Problem statement: An exact transcription is needed of the lines below from the one with "Brighton wall fitting in brass" through the one with "BYROKKO Shine Brown", with no other lines and no pictures.

Source data:
• • • •

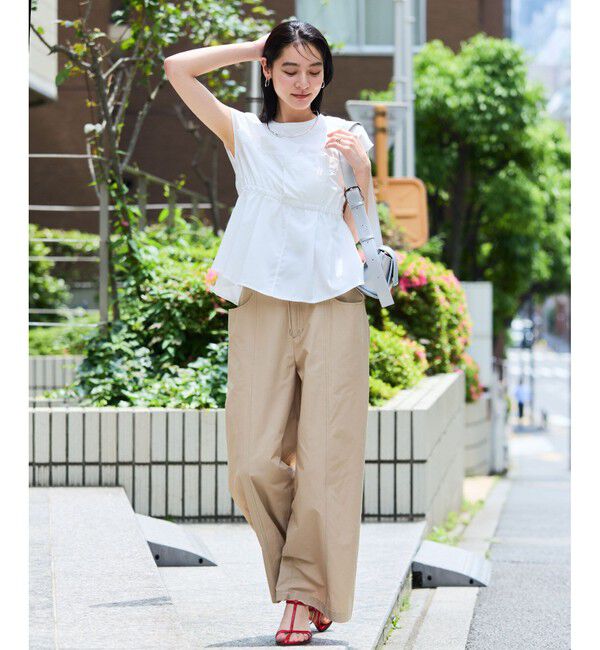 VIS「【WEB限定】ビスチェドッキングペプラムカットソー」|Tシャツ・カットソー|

• • • •

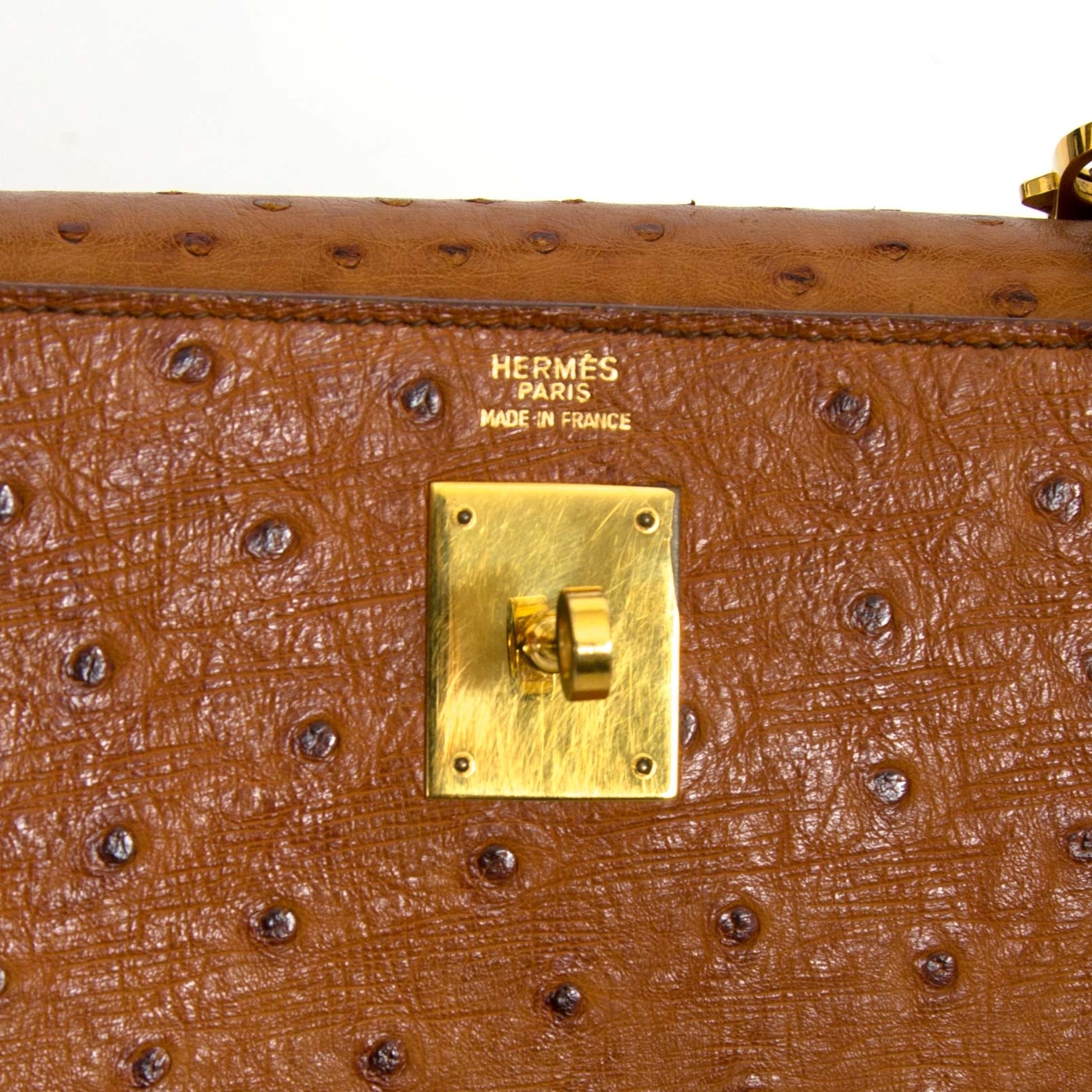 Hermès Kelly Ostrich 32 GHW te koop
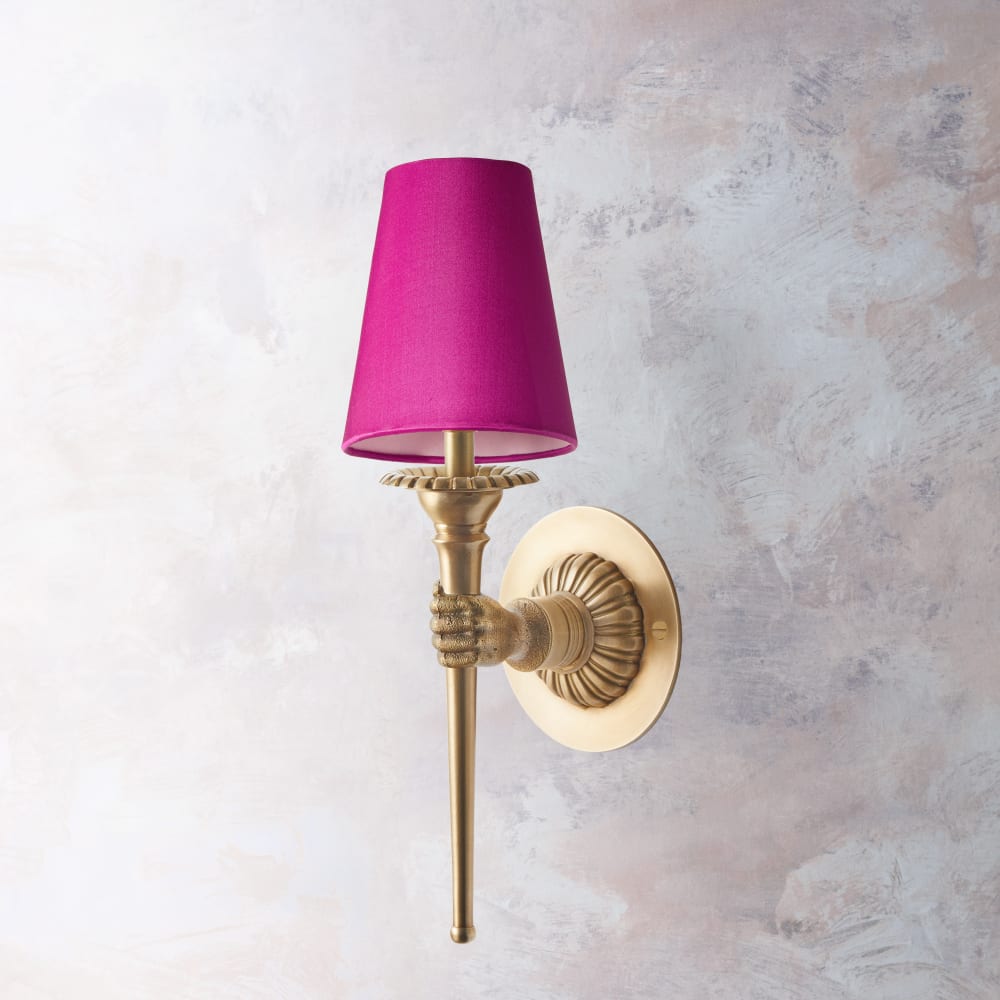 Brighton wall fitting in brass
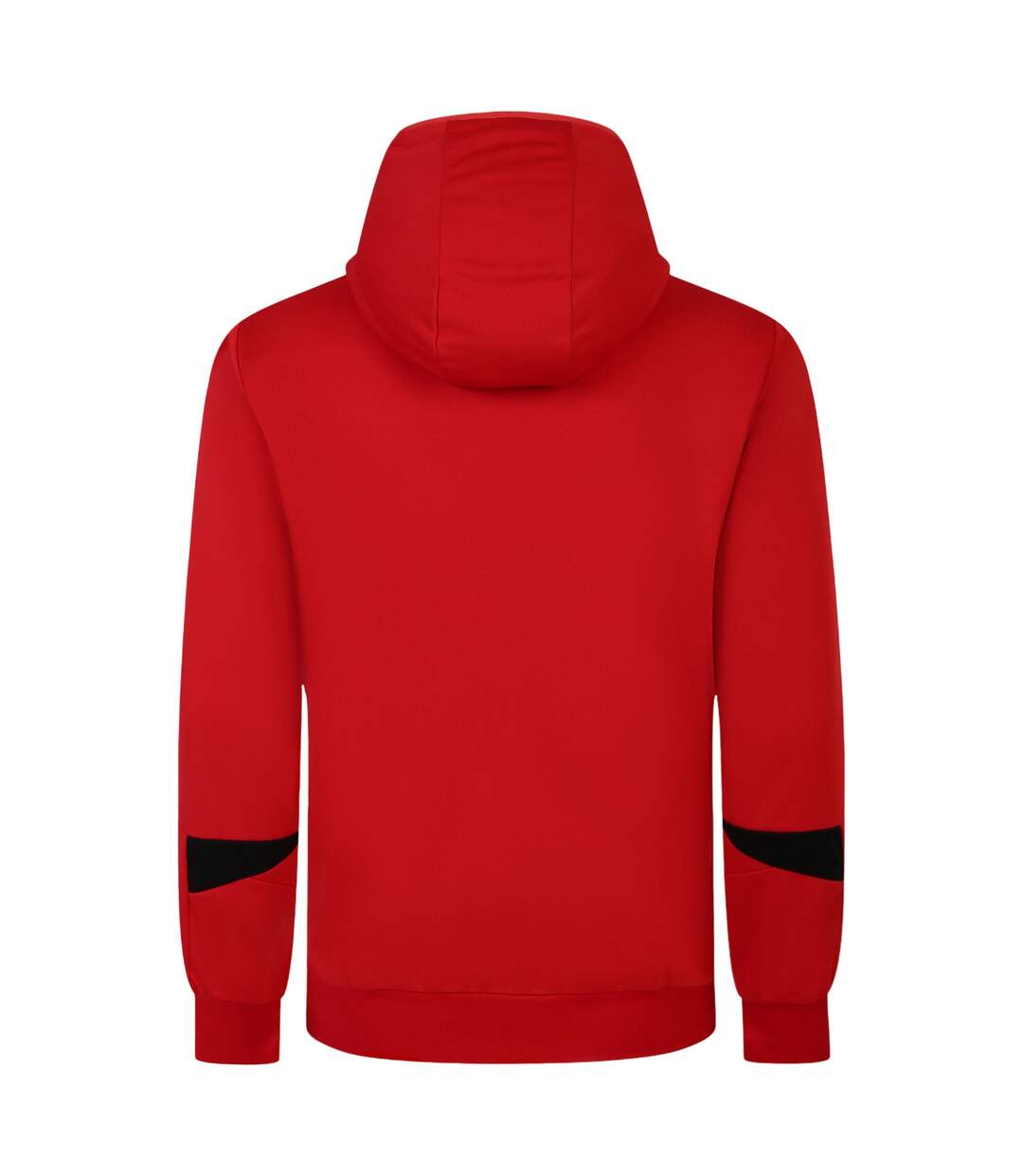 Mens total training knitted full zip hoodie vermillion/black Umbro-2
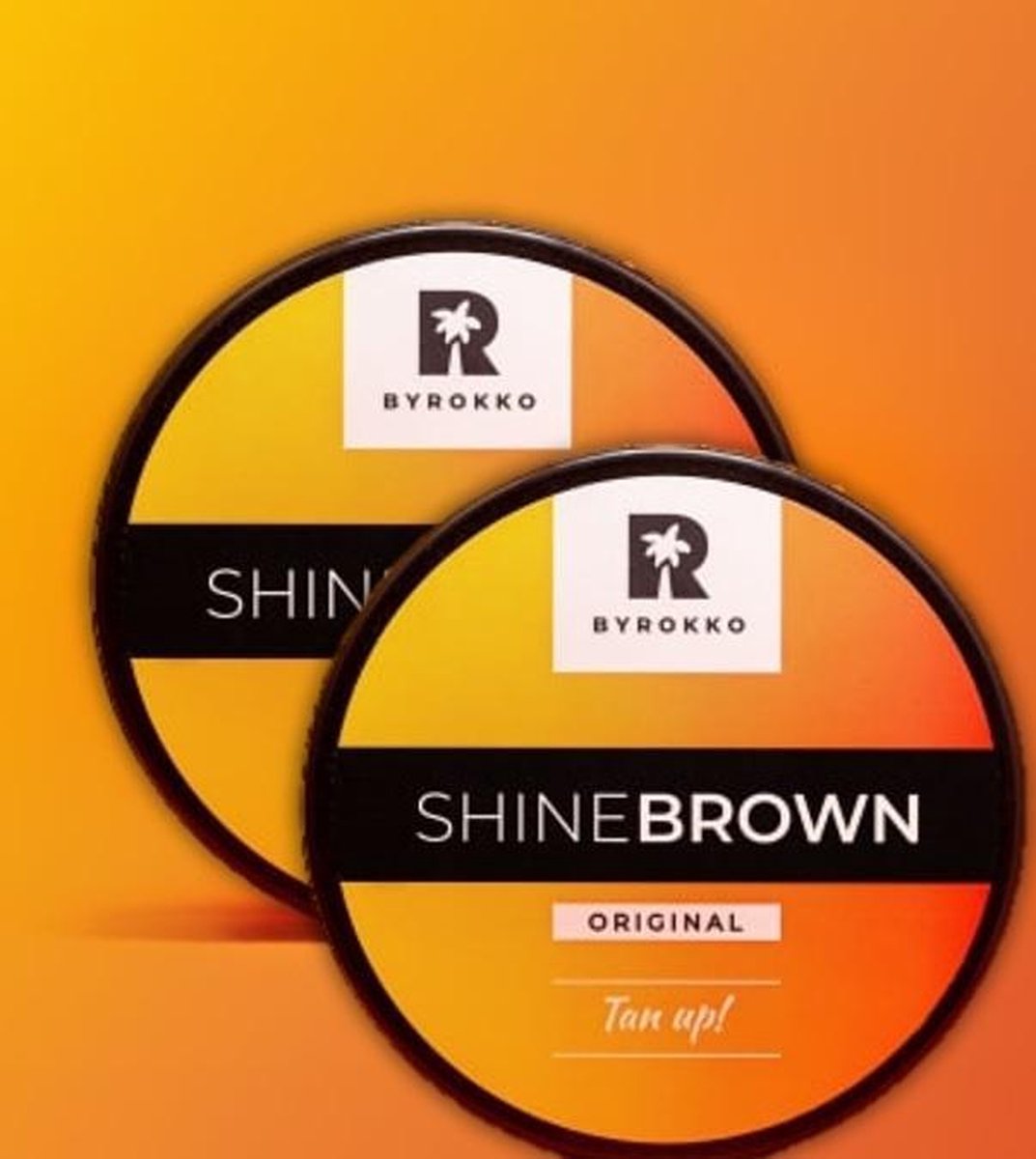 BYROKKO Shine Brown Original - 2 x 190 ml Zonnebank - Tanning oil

• • • •

Response below:
 Brighton wall fitting in brass
 Mens total training knitted full zip hoodie vermillion/black Umbro-2
 BYROKKO Shine Brown Original - 2 x 190 ml Zonnebank - Tanning oil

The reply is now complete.